Drawdown investors should balance the choice of investments, ease of use, availability of information, access to help and the charges they’re paying to make sure they’re with the right provider. Navigating the complexities of drawdown isn’t straightforward, so a service that makes it easy to manage your money and reguarly review your plans is crucial.’
How to review your drawdown plan
We’ve got a ten point plan for reviewing your drawdown pension to make sure you stay in control of your retirement plans:
- Review your objective – make sure your plans haven’t changed. Are you aiming to draw no income, draw sustainably for the remainder of your life, or are you trying to deliberately exhaust your pension sooner?
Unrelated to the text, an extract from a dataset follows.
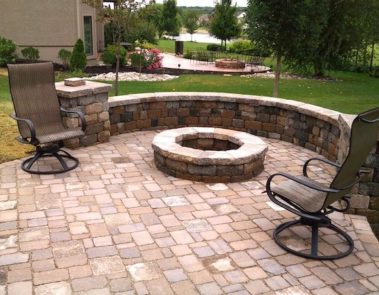 Landscaping In Raymore MO Stone Patio With Fire Pit
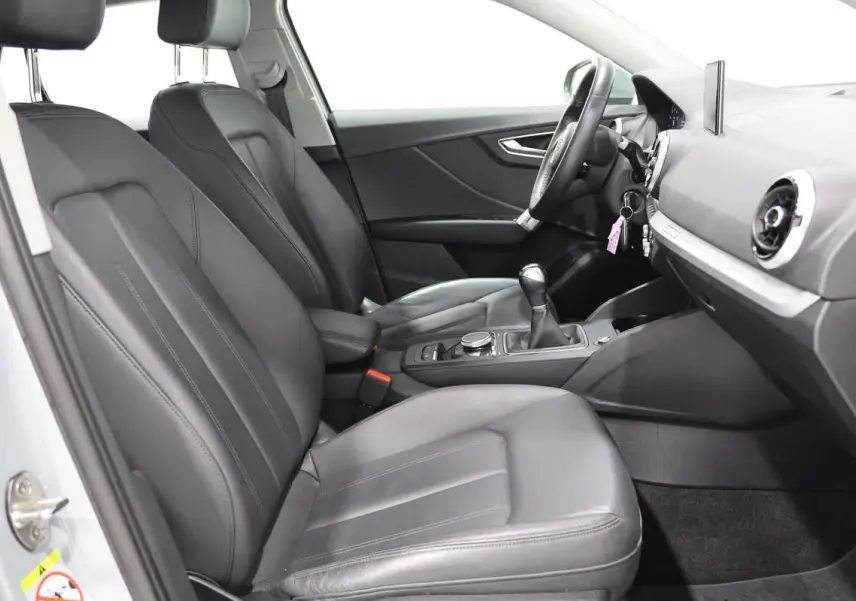 Vue intérieure côté conducteur de l'Audi Q2 2023, sièges cuir noirs et tableau de bord avec écran GPS escamotable.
- Review the sustainability of your income withdrawals – re-check how long your pension will last based on the value, expected returns and how long it might have to last. Most pension schemes will have a simple way of checking this.
- Check how your pension investments are performing – compare performance to the average of similar funds, this should be shown on the fund factsheets. Read up on what investment brokers have to say about the funds you have.
- Check relative cost of investments – how much are you paying to invest? Cheapest isn’t necessarily best, but make sure you know what you’re paying for the type of funds you’ve got.
- Check investments are still right for your objectives – check the investments you hold are fit for purpose. The types of investments you choose for growing your pension are likely to be different to those you hold if you’re drawing an income.
- Rebalance your investments – if you’re holding several different investments in retirement they’ll have grown at different rates and so may be out of kilter. Make sure the balance you want is still what you’ve got.
- Get a revised annuity quote – Check what an annuity might pay you, and make sure you plug in all the details of your health. As you get older, you normally get a better pay out. Plus annuity rates vary with changes in Government bond prices and how long we’re expected to live. An annuity purchase doesn’t need to be all or nothing, you could use just part of your pension.
- Review your cash emergency fund – everyone should have at least 3-6 months’ worth of expenses held as cash, plus an amount to cover any spending from capital in the next 5 years. If you’re only drawing the income from your investments add an additional years’ worth of income, but make that 2-3 years if you’re drawing down more aggressively.
- Monitor your pension – this won’t make you immune to poor investment returns, but logging in every 3 months should avoid most nasty surprises.
- Review your beneficiaries – review who you’ve told your pension provider that you’d like to benefit if you die. This isn’t binding, but gives a huge steer for the trustees of the pension. It’s also worth considering setting up a power of attorney so someone can look after your affairs if you can’t. This is particularly relevant for drawdown as it can be managed until late in life and one in three of us is expected to develop dementia.
How to transfer
If the balance of investment choice, ease of use, available information, access to help and costs leaves you feeling short changed, it could be time to look for another provider. Once you’ve settled on a new provider a transfer should be pretty straight forward. Contact the new provider and they will help you complete any paperwork, it may even be possible to apply online.